Action item |
Looking at the listing below, retype exactly the lines starting at the one containing "Uruguai não responde" and ending at the one containing "Image de Enjoy", both included, and nothing else.

-- Data in this exercise follows --

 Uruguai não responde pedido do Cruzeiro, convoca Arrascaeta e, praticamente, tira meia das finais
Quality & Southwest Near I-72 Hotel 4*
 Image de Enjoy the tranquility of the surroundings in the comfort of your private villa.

-- Data in this exercise concluded --
-- Data in this exercise follows --

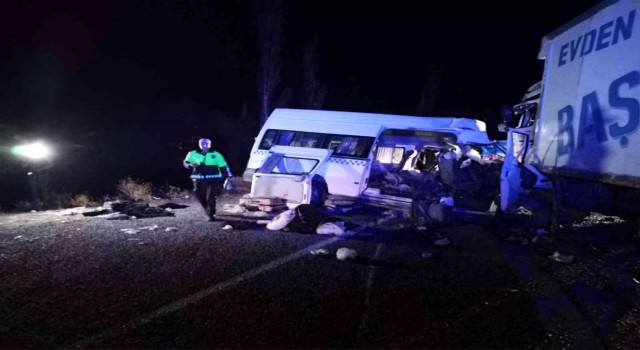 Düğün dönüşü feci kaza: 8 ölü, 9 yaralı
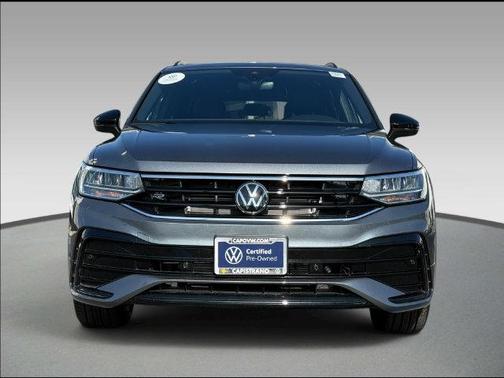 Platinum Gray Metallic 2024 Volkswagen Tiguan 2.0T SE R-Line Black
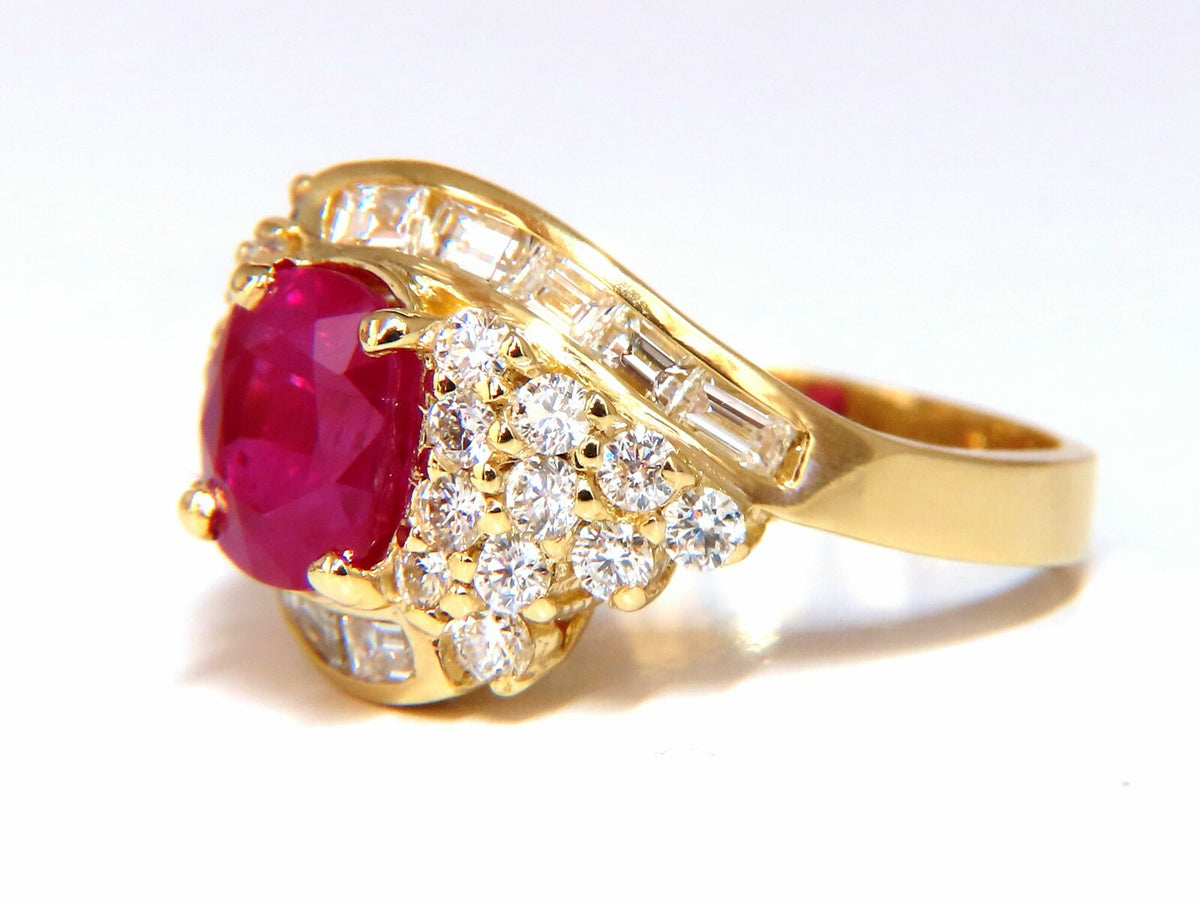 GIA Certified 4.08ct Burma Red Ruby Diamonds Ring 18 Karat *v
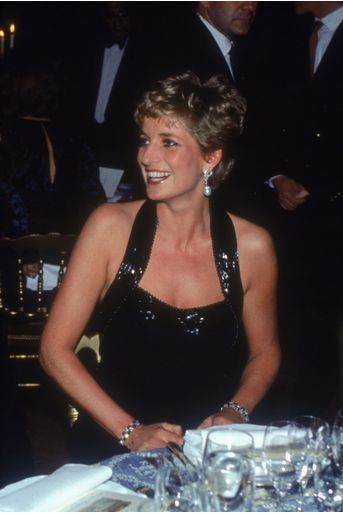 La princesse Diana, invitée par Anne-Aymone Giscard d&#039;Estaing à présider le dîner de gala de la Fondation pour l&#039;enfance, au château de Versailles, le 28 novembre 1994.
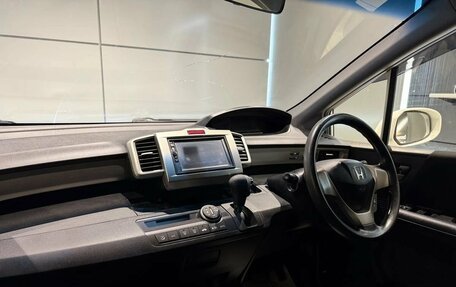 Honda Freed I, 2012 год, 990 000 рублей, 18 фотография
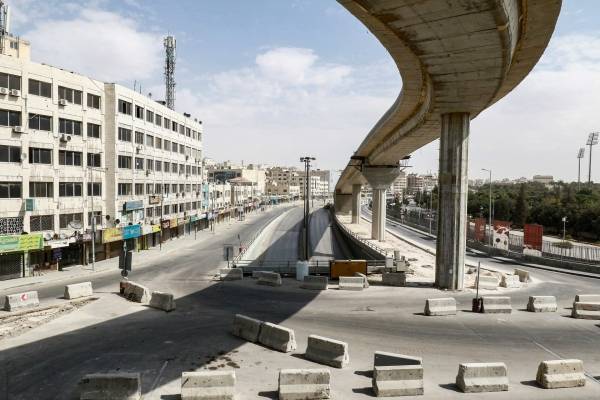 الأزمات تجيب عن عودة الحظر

-- Data in this exercise concluded --

Response to this exercise |
 Uruguai não responde pedido do Cruzeiro, convoca Arrascaeta e, praticamente, tira meia das finais
Quality & Southwest Near I-72 Hotel 4*
 Image de Enjoy the tranquility of the surroundings in the comfort of your private villa.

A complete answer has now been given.